Opinion

Justice Sotomayor questions deference to lower courts in death penalty cases

Did the Supreme Court give too much leeway to lower courts in allowing Oklahoma to execute a man?

The state of Oklahoma killed a man Thursday night, the first since it botched the execution of another convicted murderer last year. This time, state officials said they would get it right, though the condemned man's protestation that “it hurt. It feels like acid,” suggests that maybe they didn't.

My opposition to the death penalty has been persistent, and consistent. As has my belief that if states are going to continue with this willful act of vengeance, they must be transparent about the process and not violate the Constitution's protection again cruel and unusual punishment.

Lawyers for Charles Frederick Warner, convicted of raping and murdering his girlfriend's 11-month-old daughter, appealed to the Supreme Court to intervene on grounds that there were too many unknowns about the method of execution, and strong evidence that it would deliver excessive pain. The court turned them down by a 5-4 vote. Yet in that rejection there was, perhaps, a glimmer of hope for a more progressive and humane decision by the court down the road, at least as far as the controversial use of a compound called midazolam in the three-drug executions is concerned.
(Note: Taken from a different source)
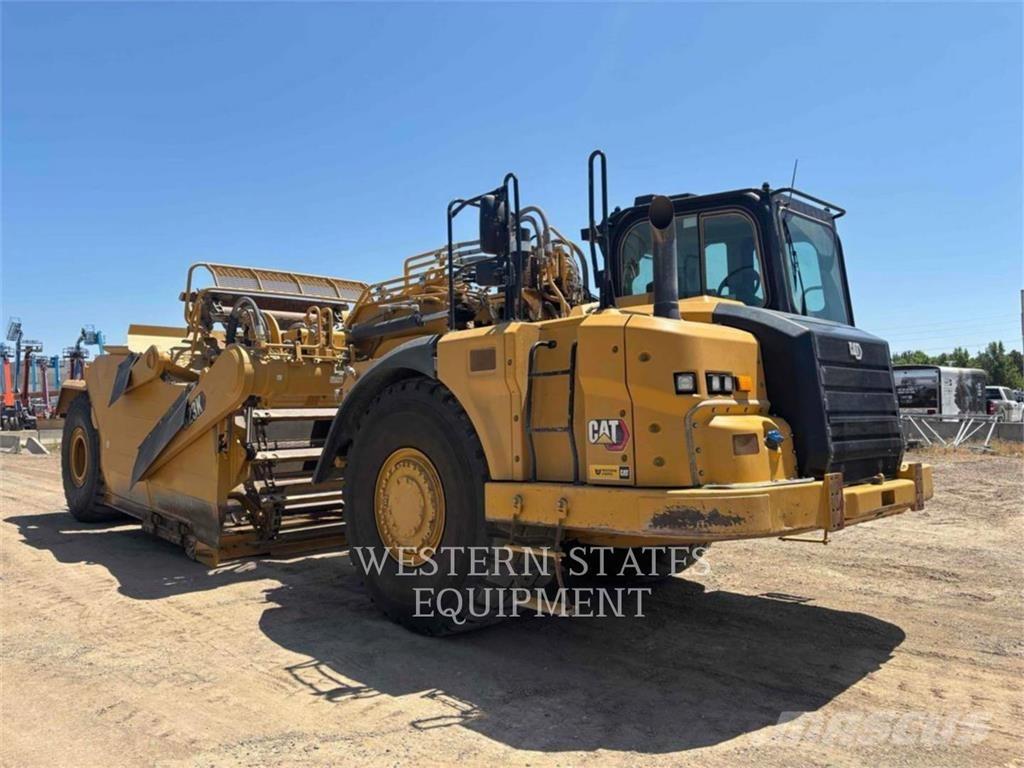 CAT 623K Schaber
The drug was involved in three executions that went awry last year (though they are hardly the only ones), and the evidence is thin that it sufficiently sedates the condemned to avoid suffering as the second and third injections kill them. In Arizona, it took two hours for James Michael Woods to die using a protocol that included midazolam.
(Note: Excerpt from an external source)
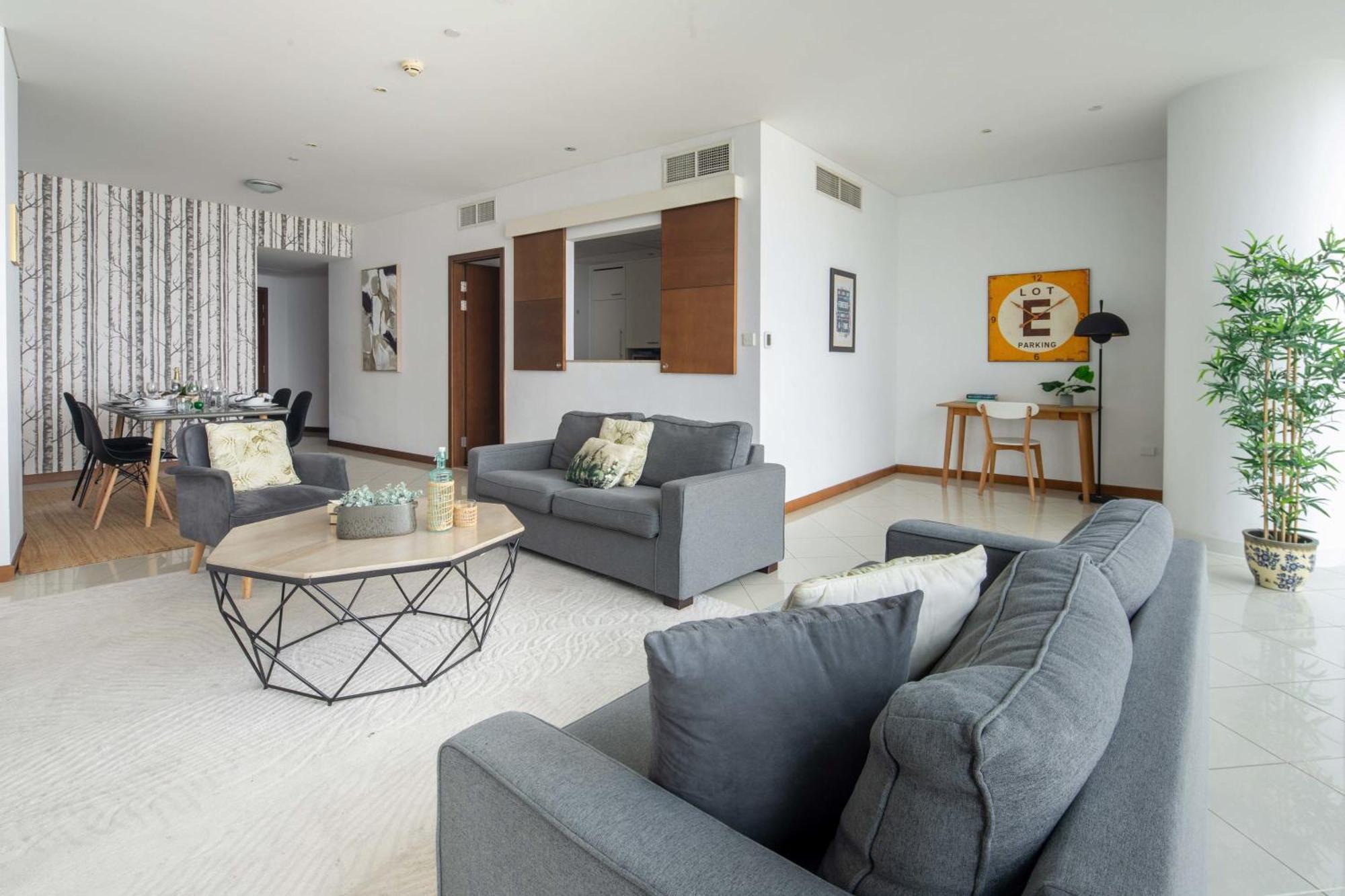 Frank Porter - Marsa Plaza Appartement Dubai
So why the glimmer of hope? It comes from Justice Sonia Sotomayor's dissent, which prods the court to take a closer look at the constitutionality of execution protocols given what seems to be clear scientific evidence that midazolam does not sedate to the extent that state executioners say it does. She also urges less deference to the lower courts when points of fact invite skepticism, as in the suspect defense of midazolam as a powerful sedative (the state's expert witness "cited no studies, but instead appeared to rely primarily on the Web site www.drugs.com for his research."). The full dissent is here, but I've included a key portion below:

"I am deeply troubled by this evidence suggesting that midazolam cannot constitutionally be used as the first drug in a three-drug lethal injection protocol. It is true that we give deference to the district courts. But at some point we must question their findings of fact, unless we are to abdicate our role of ensuring that no clear error has been committed. We should review such findings with added care when what is at issue is the risk of the needless infliction of severe pain. Here, given the evidence before the District Court, I struggle to see how its decision to credit the testimony of a single purported expert can be supported given the substantial body of conflicting empirical and anecdotal evidence.

"I believe that we should have granted petitioners’ application for stay. The questions before us are especially important now, given States’ increasing reliance on new and scientifically untested methods of execution. Petitioners have committed horrific crimes, and should be punished. But the Eighth Amendment guarantees that no one should be subjected to an execution that causes searing, unnecessary pain before death. I hope that our failure to act today does not portend our unwillingness to consider these questions."